Rationalization is an unconscious defense mechanism in which perceived controversial behaviors or feelings are logically justified and explained in a rational or logical manner in order to avoid any true explanation, and are made consciously tolerable – or even admirable and superior – by plausible means.[1] Rationalization encourages irrational or unacceptable behavior, motives, or feelings and often involves ad hoc hypothesizing. This process ranges from fully conscious (e.g. to present an external defense against ridicule from others) to mostly subconscious (e.g. to create a block against internal feelings, for example guilt or shame).

DSM definition

According to the DSM-IV, rationalization occurs "when the individual deals with emotional conflict or internal or external stressors by concealing the true motivations for his or her own thoughts, actions, or feelings through the elaboration of reassuring or self serving but incorrect explanations."

Examples

Based on anecdotal and survey evidence, John Banja states that the medical field features a disproportionate amount of rationalization invoked in the "covering up" of mistakes (here, medical errors).[2] Common excuses made are:

  • "Why disclose the error? The patient was going to die anyway."
  • "Telling the family about the error will only make them feel worse."
  • "It was the patient's fault. If he wasn't so (obese, sick etc), this error wouldn't have caused so much harm."
  • "Well, we did our best. These things happen."
  • "If we're not totally and absolutely certain the error caused the harm, we don't have to tell."
  • "They're dead anyway, no point in blaming."

Psychoanalysis

Main article: Psychoanalysis

Ernest Jones contributed the term "rationalization" to psychoanalysis in 1908, defining it as "the inventing of a reason for an attitude or action the motive of which is not recognized"'.[3] Although Jones had not coined the term - the Oxford English Dictionary records the year of its first use as 1846' - he was the first to employ it in the context of psychoanalysis: 'No one will admit that he ever deliberately performed an irrational act, and any act that might appear so is immediately justified by...providing a false explanation that has a plausible ring of rationality'.[4]

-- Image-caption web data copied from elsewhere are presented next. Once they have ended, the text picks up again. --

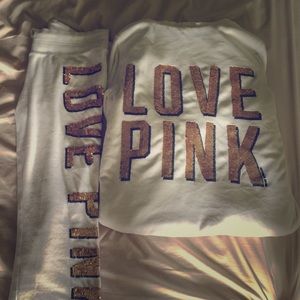 Victoria Secret sweat pants and jacket set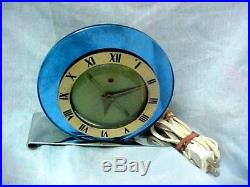 Telechron 1935 Luxor Art Deco Clock round blue glass mirror and chrome 4F65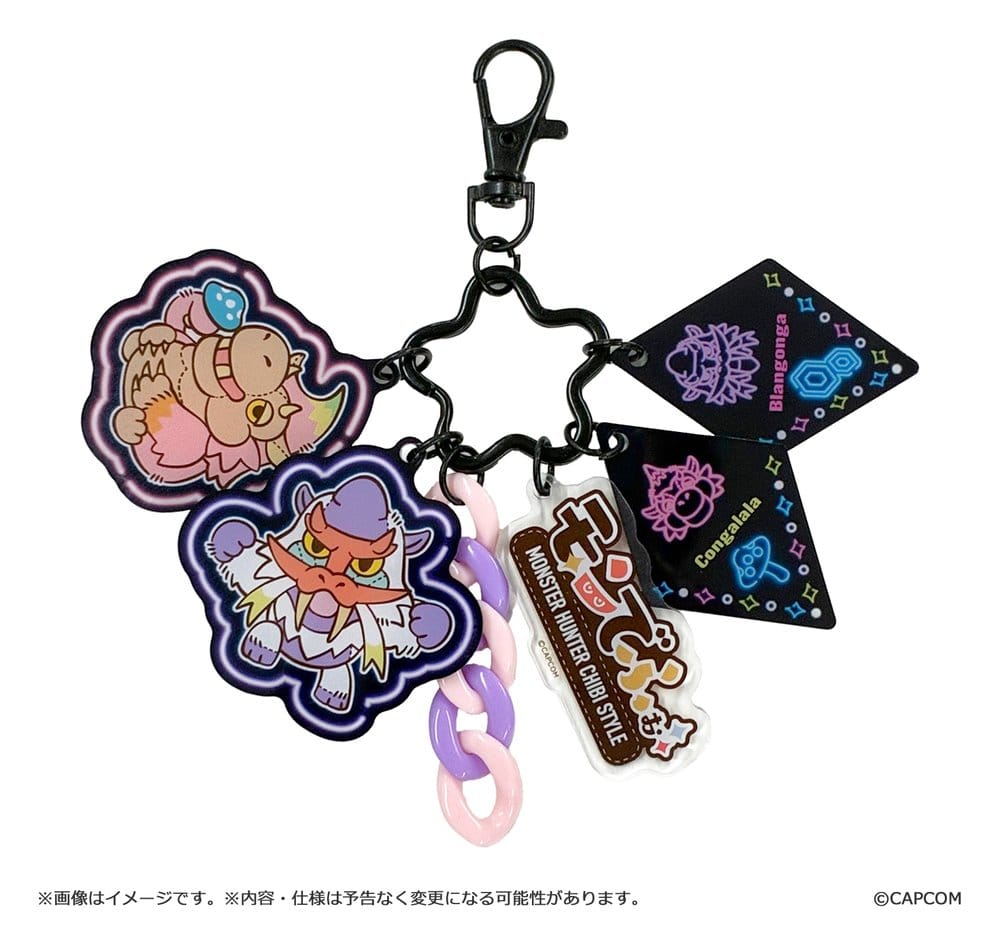 Monster Hunter porte-clés en acrylique Chibi Style Multi Charm: Blangonga & Congalala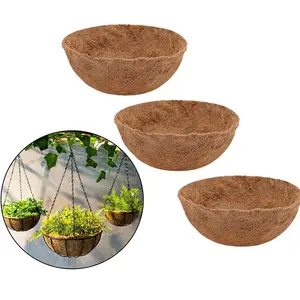 Round Coconut Fiber Alternative Lined Indoor Storage Modern Mini Hanging Outdoor Plant Basket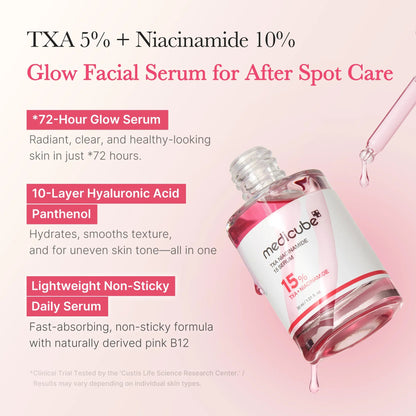 medicube TXA+Niacinamide 15% Glow Facial Serum for After Spot Care | All-in-One Daily Korean Skincare | Uneven Skin Tone, Texture, and Hydration Care | High-Potency Tranexamic Acid 5% | 1.01 fl.oz  2-Pack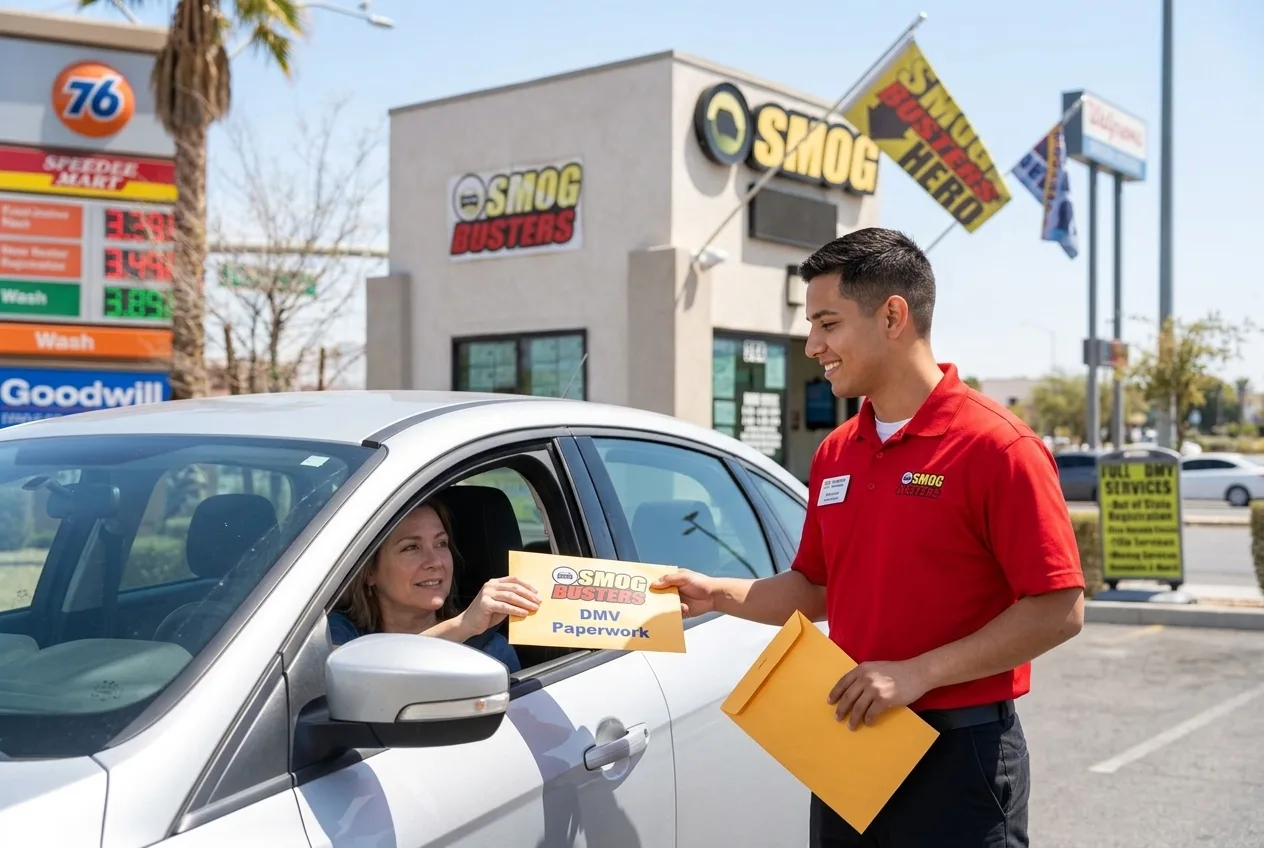 Spanish-speaking technician at the Silverado Ranch & Bermuda Smog Busters hut helping a customer with DMV paperwork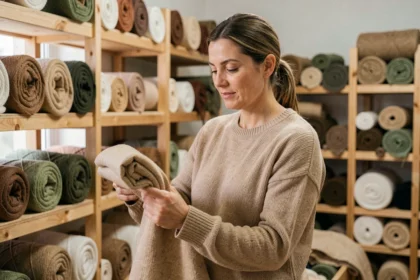 Femme inspectant un pull en coton biologique dans un atelier de textile durable, illustrant la qualité et la durabilité des vêtements écoresponsables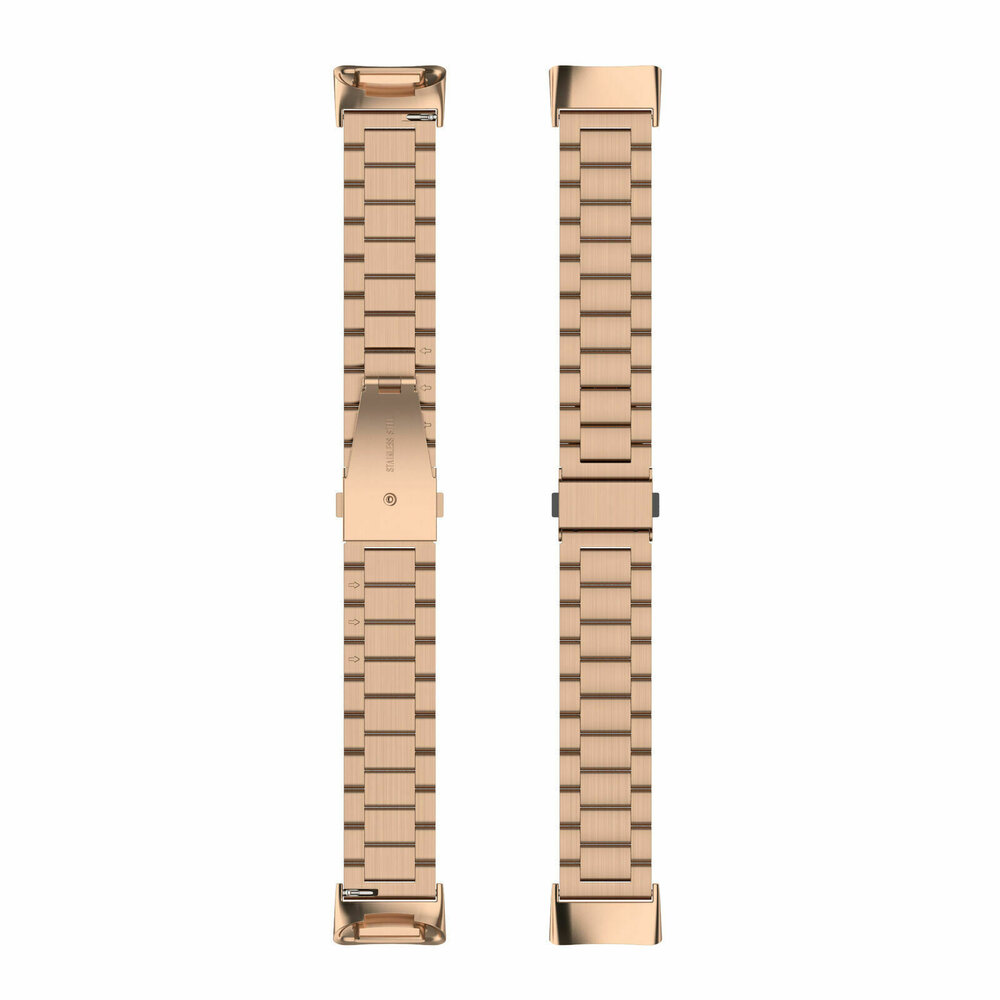 Strap-it® Strap-it Fitbit Charge 6 stalen band (rosé goud)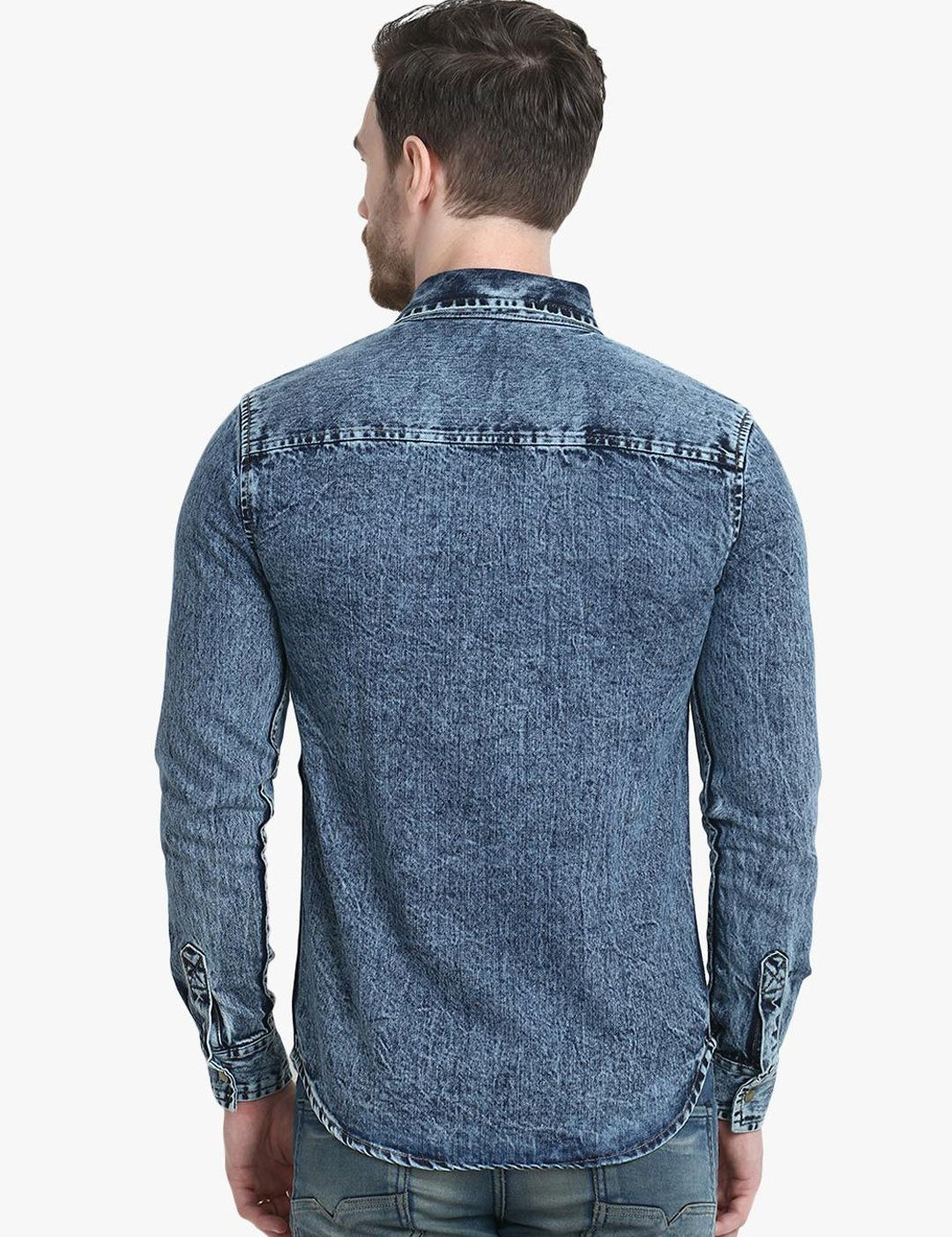Kotty Men Blue Solid Denim Jacket
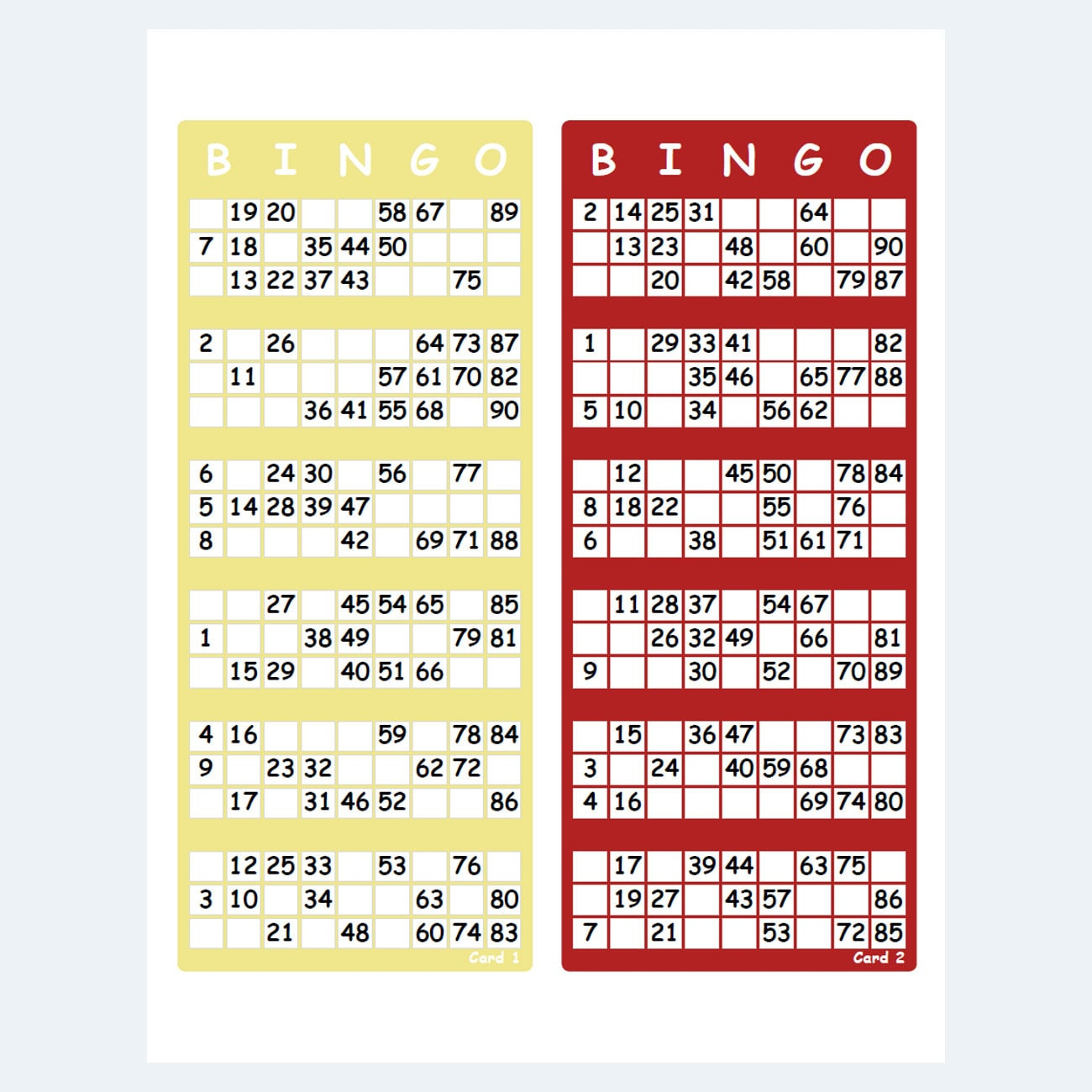 Printable Colour Uk Style 1-90 Bingo Ticket Cards, 2 Per Page in Printable Bingo Cards 1 90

The term was taken up almost immediately by Sigmund Freud to account for the explanations offered for neurotic symptoms - 'a process which (borrowing a useful term from Ernest Jones [1908] we may describe as "rationalization"'[5] - and was later developed further by his daughter Anna Freud[citation needed].

However the concept itself (as opposed to the term) can be traced back millennia earlier, to Quintilian and classical rhetoric: 'The "pat excuse" is the color, a frequent technical term among the rhetoricians for any approach that would present an action in the most favourable possible light'.[6] By the eighteenth century, it was almost a commonplace that, were a man to consider his actions, 'he will soon find, that such of them, as strong inclination and custom have prompted him to commit, are generally dressed out and painted with all the false beauties [color] which, a soft and flattering hand can give them'.[7]

What psychoanalysis added was the specific idea of the motives that were glossed or colored being unconscious, a point developed further by Lundhold, "Repression and Rationalization", in 1933, and by Hollitscher, "The Concept of Rationalization" in 1939.[8] By the 1940s Fenichel could distinguish 'various types of rationalization...Emotional attitudes become permissible on condition that they are justified as "reasonable"', but equally 'Defensive attitudes and resistances, which seem irrational because their real purpose is unconscious, frequently are "rationalized" by the ego's foisting other secondary purposes upon them'.[9]

For a near-determinist like Eric Berne, one's 'important decisions are already made...in early childhood': thereafter 'other decisions...are "directed" decisions rationalized on spurious grounds'.[10] Once a decision has been made on unconscious grounds, 'without the individual's being aware of the real forces behind it. he takes upon himself the task of finding justifications for it..."rationalization"'.[11]

Lacan in his concept of meconnaissance came very close to the same idea: 'everything that the ego neglects, scotomizes, misconstrues...everything that it ignores, exhausts, and binds in the significations that it receives from language'.[12]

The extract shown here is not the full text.